Technical Program

Paper Detail

Paper: SP-P3.5
Session: Adaptation in ASR
Location: Poster Area A
Session Time: Tuesday, March 27, 16:30 - 18:30
Presentation Time: Tuesday, March 27, 16:30 - 18:30
Presentation: Poster
Topic:
Paper Title: A LINEAR PROJECTION APPROACH TO ENVIRONMENT MODELING FOR ROBUST SPEECH RECOGNITION
Authors: Yu Tsao, Academia Sinica, Taiwan; Chien-Lin Huang, Shigeki Matsuda, Chiori Hori, Hideki Kashioka, National Institute of Information and Communications Technology, Japan
Abstract: Use of a linear projection (LP) function to transform multiple sets of acoustic models into a single set of acoustic models is proposed for characterizing testing environments for robust automatic speech recognition.
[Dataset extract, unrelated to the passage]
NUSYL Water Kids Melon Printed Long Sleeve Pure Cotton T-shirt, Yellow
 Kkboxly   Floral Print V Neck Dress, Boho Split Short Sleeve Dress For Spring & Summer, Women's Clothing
The LP function is an extension of the linear regression (LR) function used in maximum likelihood linear regression (MLLR) and maximum a posteriori linear regression (MAPLR) by incorporating local information in the ensemble acoustic space to enhance the environment modeling capacity. To estimate the nuisance parameters of the LP function, we developed maximum likelihood LP (MLLP) and maximum a posteriori LP (MAPLP) and derived a set of integrated prior (IP) densities for MAPLP. The IP densities integrate multiple knowledge sources from the training set, previously seen speech data, current utterance, and a prepared tree structure. We evaluated the proposed MLLP and MAPLP on the Aurora-2 database in an unsupervised model adaptation manner. Experimental results show that the LP function outperforms the LR function with both ML- and MAP-based estimates over different test conditions. Moreover, because the MAP-based estimate can handle over-fittings well, MAPLP has clear improvements over MLLP. Compared to the baseline result, MAPLP provides a significant 10.99% word error rate reduction.